Bogotá.- Como en los tiempos del general Tomás Cipriano de Mosquera, quien limitó privilegios a la poderosa Compañía de Jesús, el diario El Espectador sugiere seriamente en uno de sus editoriales de octubre que ya es tiempo que las iglesias también reduzcan sus privilegios al considerar que no hay motivos para mantener las exenciones tributarias de las que actualmente gozan.
El diario de los Cano hace una salvedad sin embargo: el servicio social que prestan debe ser reconocido y retribuido, pero no hay una justificación constitucional para que el Estado privilegie los credos con exenciones de impuestos, menos cuando les llegó a todos la hora de apretarse el cinturón, a propósito de la controvertida reforma tributaria, presentada ante el Congreso por el ministro de Hacienda, Mauricio Cárdenas .
El Espectador se basa en datos de la Dian, que toma de la revista Dinero: «en los últimos tres años se constituyeron 1.258 iglesias, más de una en promedio diario. La información hasta 2013 habla de que las más de 7.000 iglesias con RUT tienen un patrimonio bruto que se aproxima a los $10 billones. Según la comisión de expertos que asesoró la reforma tributaria, 145 asociaciones religiosas en el país reportan ingresos superiores a $4.524 millones. Entonces, si bien hay parroquias que viven a ras, otras están boyantes y no sobra preguntarse sobre cuál es el motivo constitucional para que el Estado les otorgue exenciones».

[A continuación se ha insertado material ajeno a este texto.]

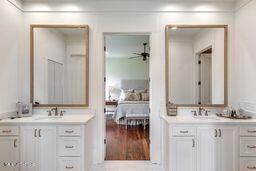 381 Parkinson Rd, Flora, MS 39071 - bathroom with two vanities, a ceiling fan, and wood finished floors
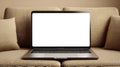 Laptop with a blank white screen placed on a beige fabric sofa. The sofa features Royalty Free Stock Photo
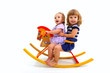 Two smiling little girls riding on a toy wooden horse isolated o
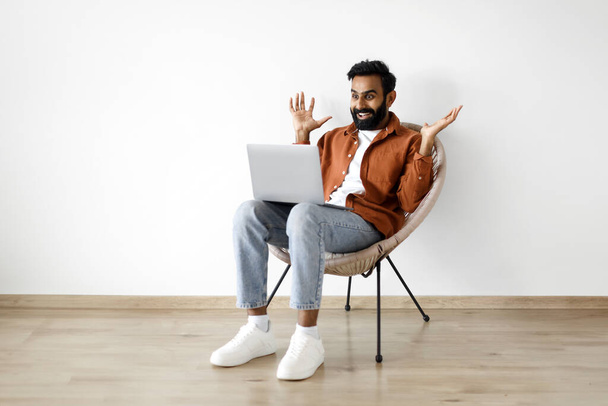 Wow online offer. Эмоциональный ближневосточный мужчина, использующий ноутбук и кричащий от радости, празднуя новости, сидя на уютном стуле и раскладывая руки в помещении. Успешная концепция карьеры фрилансера - Фото, изображение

De igual manera, el periódico precisa que cada vez más algunas iglesias se han convertido en espacios de participación política activa. Eso no es malo, pero si la organización de los cultos se va a utilizar para intervenir en los asuntos de la democracia, se pregunta si ¿no deberían entonces someterse a las reglas que cumplen todas las otras organizaciones con facetas políticas? y añade que la exención tributaria lo que hace, en la práctica, es que les otorga a las instituciones religiosas un beneficio financiero que no reciben otras iniciativas de origen laico. Entonces, el Estado, que se dice separado de la iglesia, termina privilegiando a los cultos. Eso significa que una persona no creyente está recibiendo un trato distinto a un creyente, única y exclusivamente por cuestión de su religión. ¿Está justificada esa discriminación? vuelve a preguntarse el editorial de El Espectador.